WASHINGTON — Attorney General Pam Bondi revealed Thursday that “thousands of pages” of documents in the FBI’s investigation into the sex trafficker Jeffrey Epstein were withheld from her.
And she’s demanding that they be turned over by Friday morning.
Bondi, 59, disclosed in a letter to FBI Director Kash Patel a tipster said that all but “approximately 200 pages of documents” were still being kept secret at the FBI’s office in New York — despite her after repeated requests for the “full” Epstein files.
The initial batch included flight logs, phone numbers and the names of victims, but a source in the FBI’s New York office reached out and said that hundreds additional documents were not included.
“By 8:00 a.m. tomorrow, February 28, the FBI will deliver the full and complete Epstein files to my office, including all records, documents, audio and video recordings, and materials related to Jeffrey Epstein and his clients, regardless of how such information was obtained,” Bondi said.
“There will be no withholdings or limitations to my or your access,” she vowed to Patel.
Rep.
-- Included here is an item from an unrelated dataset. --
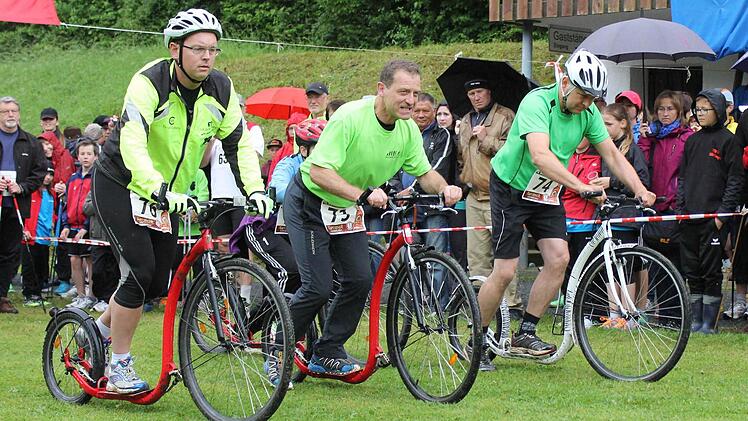 Erstmals waren beim Wässernachlauf auch vier Teilnehmer mit einem Kickbike dabei. Die Gruppe aus Ebern mit "Kapitän" Stefan Geng (Mitte) startete kurz vor dem Wettlauf.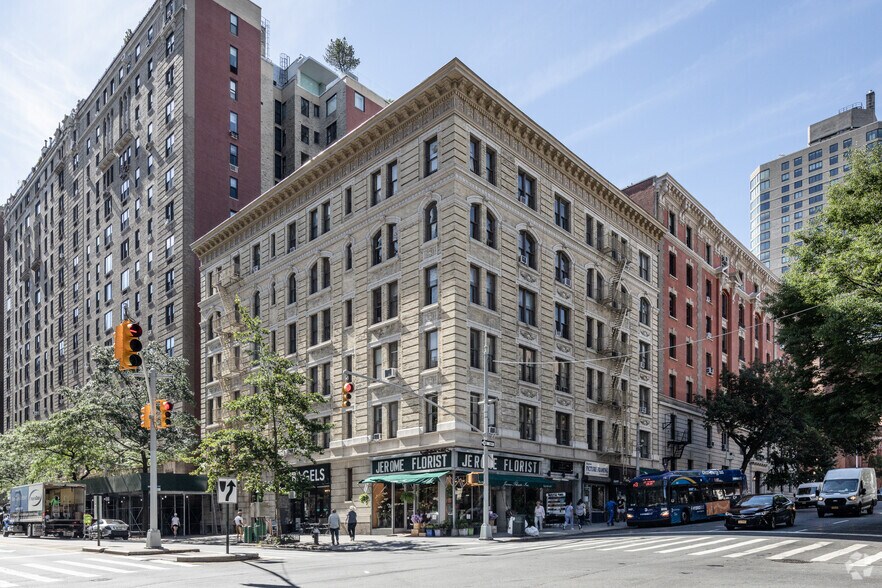 1369-1379 Madison Ave, New York, NY à louer - Photo du bâtiment - Image 2 de 4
Andy Ogles (R-Tenn.) has floated a bill to prevent non-public records on Epstein housed at the Department of Justice from being destroyed, according to a copy of a letter obtained by The Post.
Ogles, 53, wrote to Bondi on Wednesday, announcing that he was “drafting legislation entitle the Preventing Epstein Documentation Obliteration Act, or the PEDO Act” following “reports that certain FBI agents are allegedly attempting to destroy critical records.”
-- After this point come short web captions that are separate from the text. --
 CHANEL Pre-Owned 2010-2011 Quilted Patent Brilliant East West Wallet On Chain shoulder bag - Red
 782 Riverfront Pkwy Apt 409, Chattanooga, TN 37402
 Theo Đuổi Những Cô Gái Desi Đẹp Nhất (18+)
“Should you encounter any statutory barriers to the expeditious public release of Jeffrey Epstein’s client list or other pertinent information related to his activities — to include circumstances in which any such documentation is housed in other federal agencies — I stand ready to assist,” he said.
“Our constituents deserve nothing less than radical transparency in matters implicating the integrity of our justice system,” he added in the missive, which was first reported by Fox News.
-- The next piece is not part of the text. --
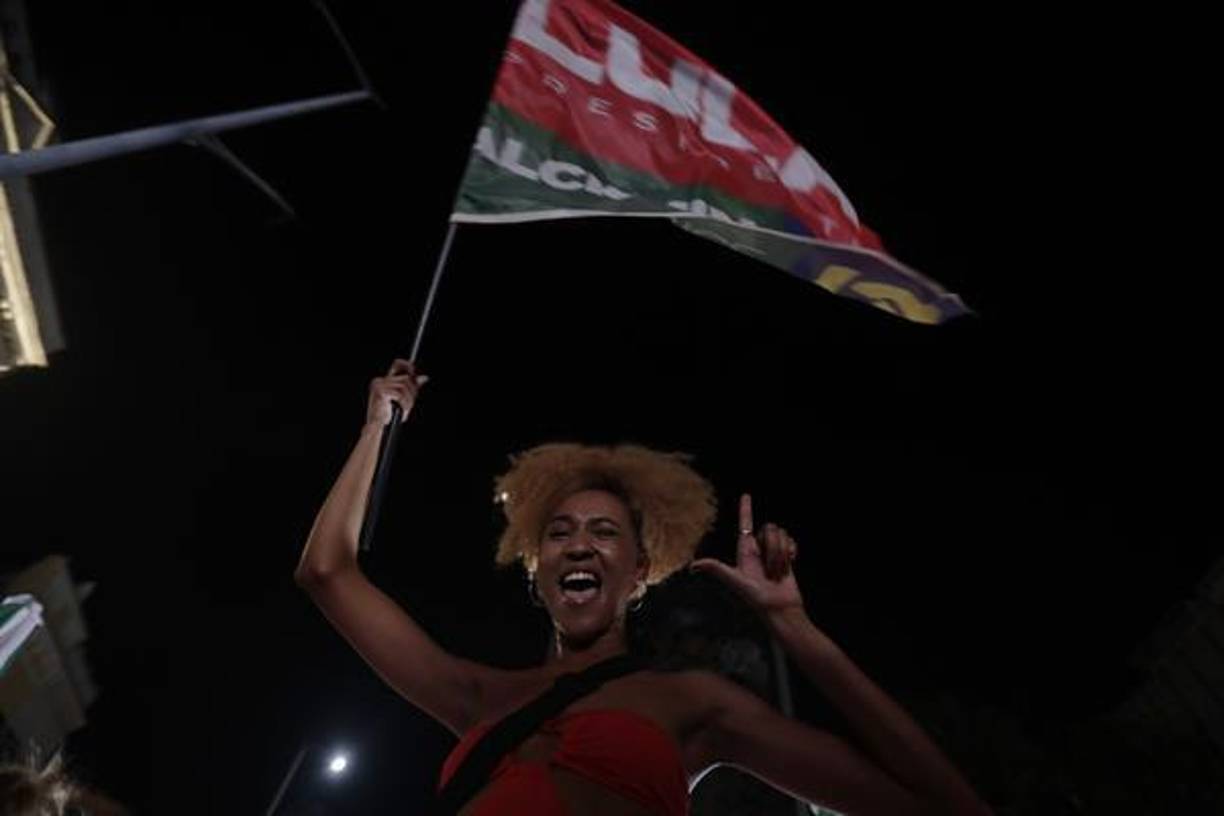 El ícono de la izquierda latinoamericana, de 77 años, se impuso por 50,83% de los votos frente a 49,17% para el excapitán del ejército, de 67 años, con el 98,8% escrutado.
A former FBI special agent had suggested the Epstein files could be among documents during a recent interview on the conservative influencer Benny Johnson’s podcast.
“There are FBI servers,” said ex-agent-turned-whistleblower Garret O’Boyle, “and people inside the FBI have been working night and day to destroy files on these servers.”
“No idea on what it is — I can only speculate — but you mentioned the Epstein list,” he added. “I’d imagine it’s cases like that.”
The FBI currently has hundreds of Epstein files available to the public on its website, but The Post previously scooped that the Justice Department was preparing to release 100 pages of the notorious criminal’s personal address book on Thursday, according to a source who reviewed the files.
Bondi had hinted on Fox News “Jesse Watters Primetime” that the DOJ was going to release “some Epstein information,” while adding the fact that details of the financier’s abuse of more than 250 victims “will make you sick.”
Conservative influencers were received at the White House and presented with “Phase 1” of the Epstein files release, emerging from the West Wing Thursday afternoon to brandish the binders at the press without immediately disclosing any details.
Ogles in his letter to Bondi also claimed a “decades-long obfuscation campaign” had withheld full details on investigations into the assassinations of President John F. Kennedy, Dr. Martin Luther King Jr. and Attorney General Robert F. Kennedy.
The effect of that “has clearly marginalized trust in our institutions and has contributed to all sorts of alternative theories and motivations regarding the deaths of these men,” he said.
Another Tennessee lawmaker has also pushed for the full release of the Epstein files.
“For years, my efforts to crack the Epstein trafficking ring wide open have been stonewalled by Democrats at every turn,” Sen. Marsha Blackburn (R-Tenn.) posted Monday on X.
“This will change under [FBI Director Kash Patel]. I just sent him a letter asking for the complete & unredacted Epstein files.”
In his confirmation hearing, Patel committed to Blackburn that he would “do everything” to reveal the “full weight” of “what happened” in Epstein’s child sex trafficking ring.
The FBI did not immediately respond to a request for comment.